Work task: Everything in the records below from the line containing "Moncler Mon slides" through the line containing "Buying a rug online with Rugs Of Beauty" is to be reproduced exactly, those two lines included; no picture is to be copied.

Records supplied:
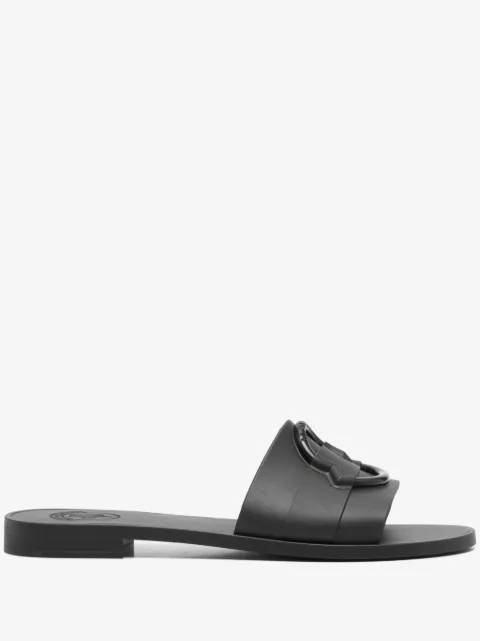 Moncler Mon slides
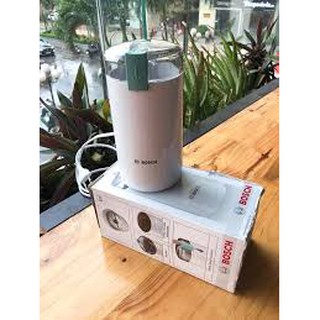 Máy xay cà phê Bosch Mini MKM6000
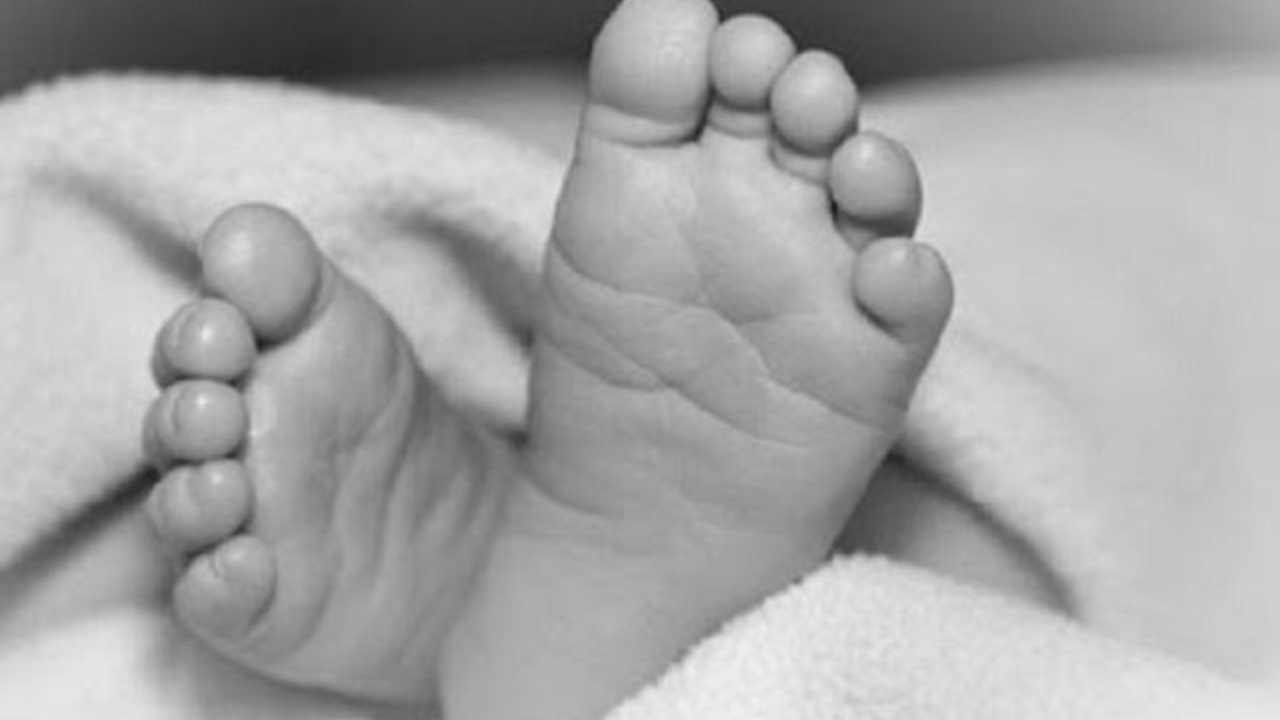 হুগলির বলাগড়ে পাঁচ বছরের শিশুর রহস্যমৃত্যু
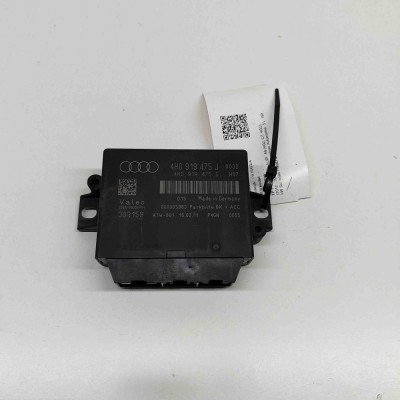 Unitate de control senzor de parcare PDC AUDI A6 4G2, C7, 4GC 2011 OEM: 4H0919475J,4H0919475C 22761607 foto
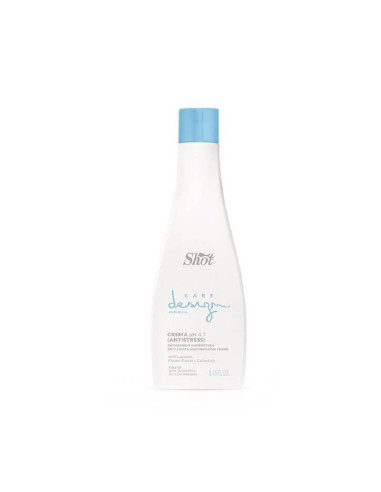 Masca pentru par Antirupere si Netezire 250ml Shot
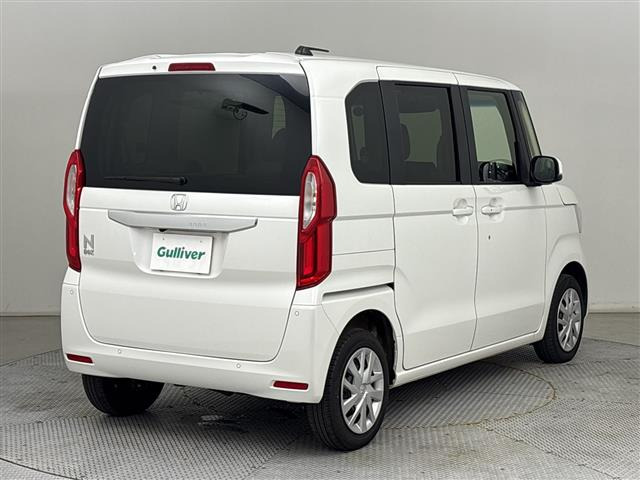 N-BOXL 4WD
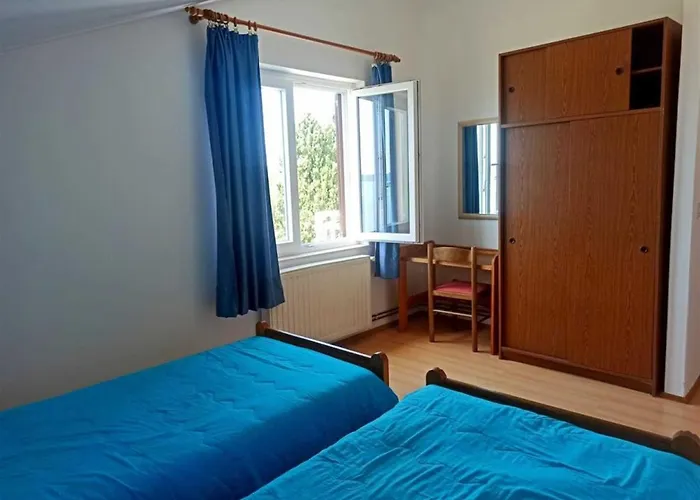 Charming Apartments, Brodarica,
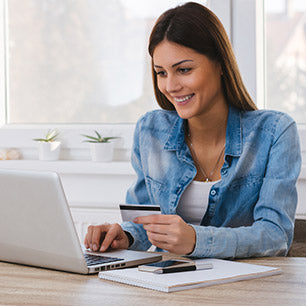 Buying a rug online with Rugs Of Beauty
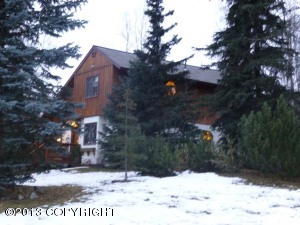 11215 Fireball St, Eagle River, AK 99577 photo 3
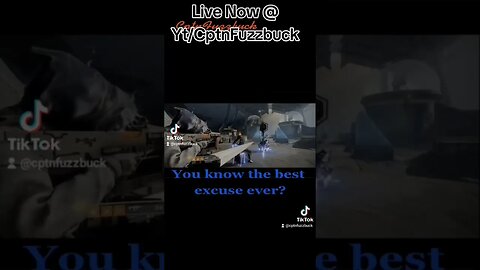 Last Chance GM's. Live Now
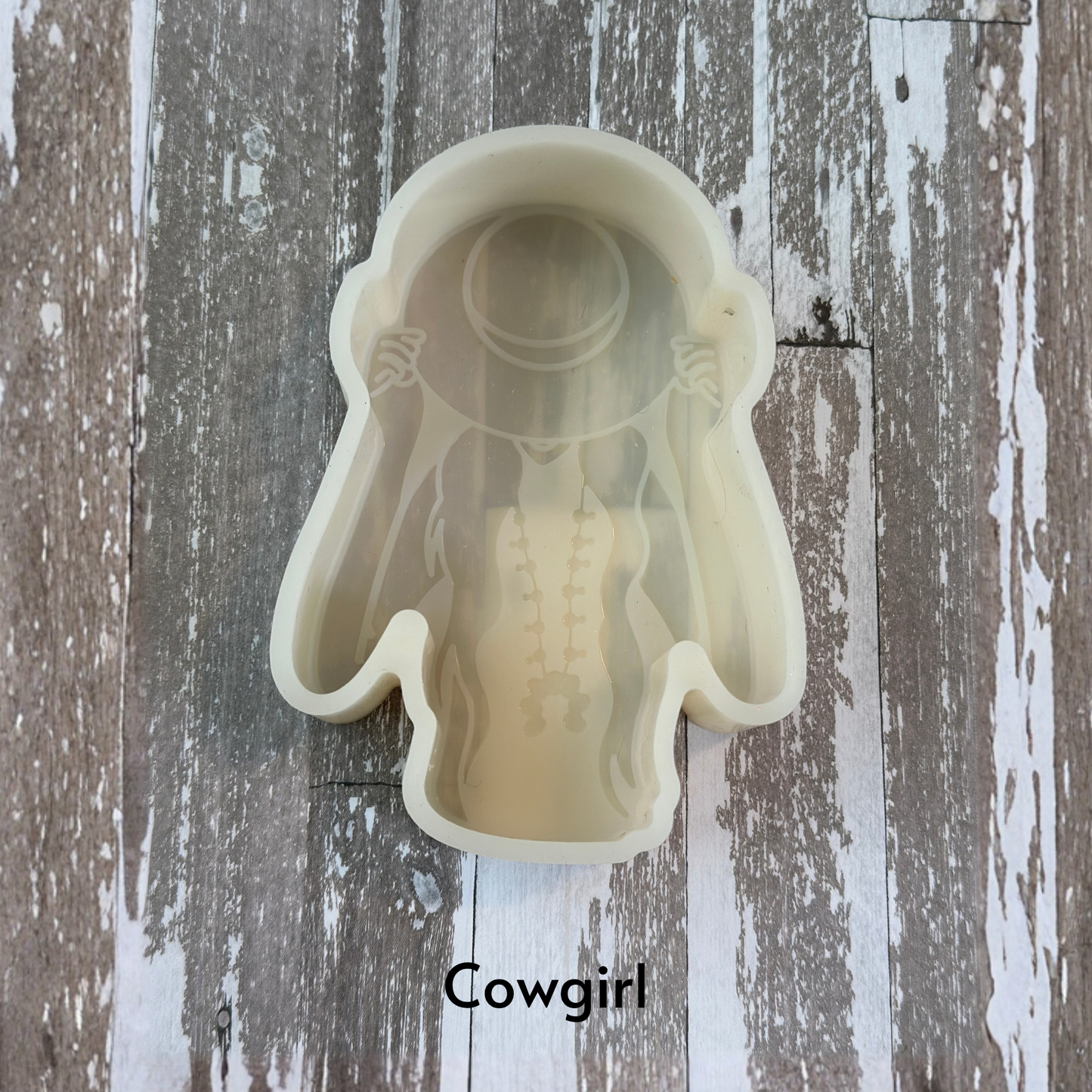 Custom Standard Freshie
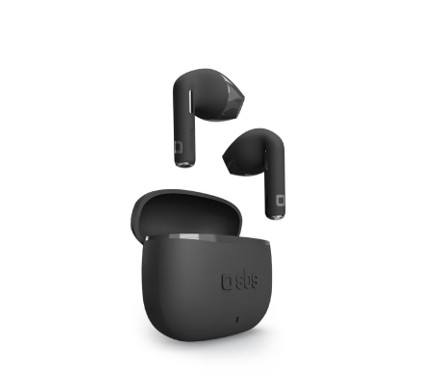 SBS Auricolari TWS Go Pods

---

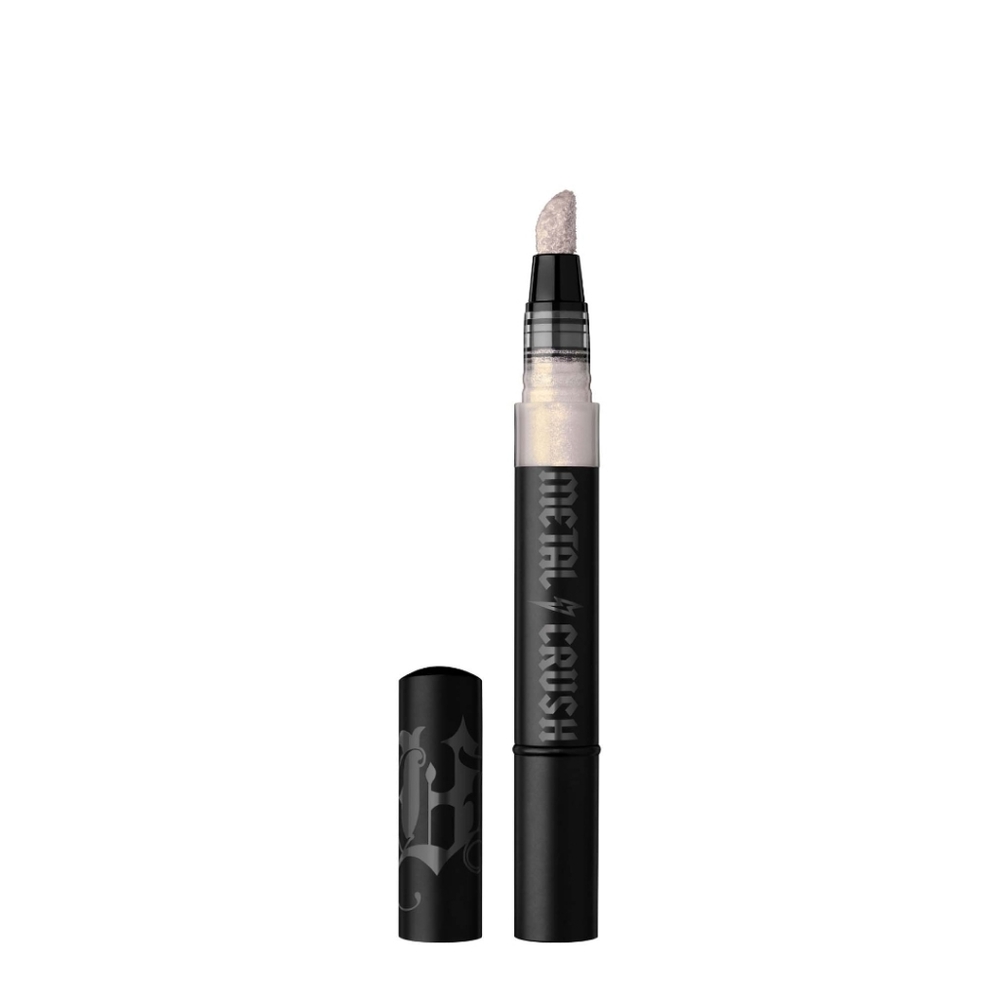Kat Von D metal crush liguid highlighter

Solution to this exercise:
 Moncler Mon slides
 Máy xay cà phê Bosch Mini MKM6000
 হুগলির বলাগড়ে পাঁচ বছরের শিশুর রহস্যমৃত্যু
 Unitate de control senzor de parcare PDC AUDI A6 4G2, C7, 4GC 2011 OEM: 4H0919475J,4H0919475C 22761607 foto
 Masca pentru par Antirupere si Netezire 250ml Shot
 N-BOXL 4WD
 Charming Apartments, Brodarica,
 Buying a rug online with Rugs Of Beauty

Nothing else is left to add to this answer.